APPEAL from a judgment of the Superior Court of Los Angeles County,
Joseph R. Kalin, Judge. Affirmed.
Ivie, McNeill & Wyatt and Chandler A. Parker for Plaintiff and Appellant.
The Jameson Law Firm and Guy E. Jamison for Defendant and Respondent.
____________________________
Appellant Harley Wyatt is a successor trustor of a second deed of trust held by
respondent David Freeman. Freeman initiated a trustee’s foreclosure sale at which he
made a full credit bid and obtained a trustee’s deed to the subject property. In this action
Wyatt seeks to set aside the trustee’s deed on the ground that statutory notice was not
given. She contends that because she first learned of the sale less than 10 business days
before it occurred she did not have sufficient time to cure the default. The trial court
granted Freeman’s motion for summary judgment, ruling that proper notice was given
and that, in any event, Wyatt was incapable of showing prejudice from lack of notice.
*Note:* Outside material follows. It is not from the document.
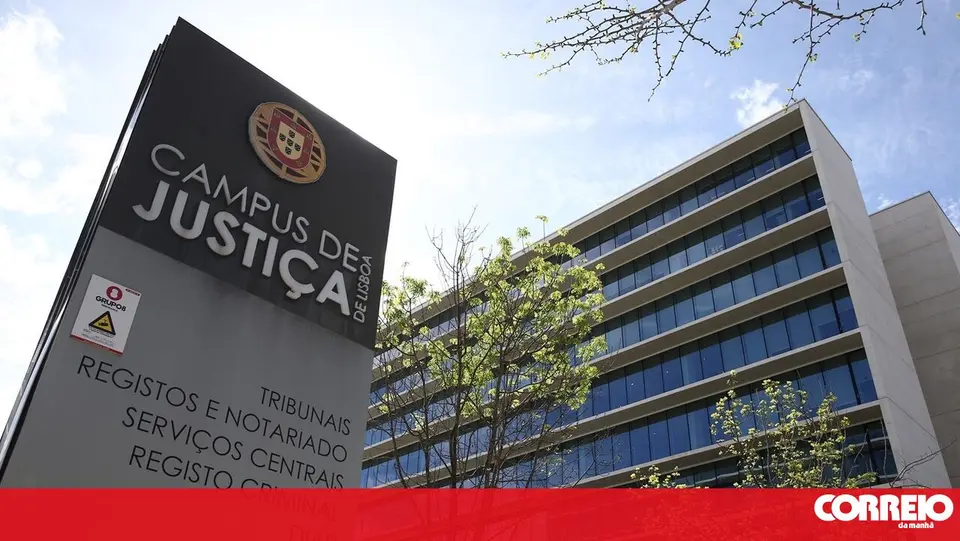 Caso 'Tutti Frutti': juíza manda 56 arguidos do PSD a julgamento por corrupção em Lisboa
Finding no error, we affirm.
FACTUAL AND PROCEDURAL BACKGROUND
In 2002, Wyatt’s daughter, Paula Boyd, acquired the property at issue—a 16-unit
apartment building located at 125 West Chestnut Street in the City of Glendale. Boyd
financed the purchase with a $100,000 loan from Wyatt which she used for part of the
down payment, and a $500,000 mortgage from East West Bank. The bank recorded its
note and first deed of trust on the property in 2002.
Three years later, in 2005, Boyd borrowed $425,000 from Freeman, who then was
her attorney in another matter. The loan was secured by a second deed of trust on the
property, which was recorded in 2005.
Boyd fell behind on her loan payments to Freeman, and he threatened to foreclose
the second deed of trust in 2007. Boyd claimed that Freeman had breached his fiduciary
duty by charging a usurious interest rate. With the assistance of an attorney, Boyd
obtained a lower interest rate and waiver of previously incurred fees and penalties, all of
which was memorialized in a September 2007 settlement and mutual release agreement.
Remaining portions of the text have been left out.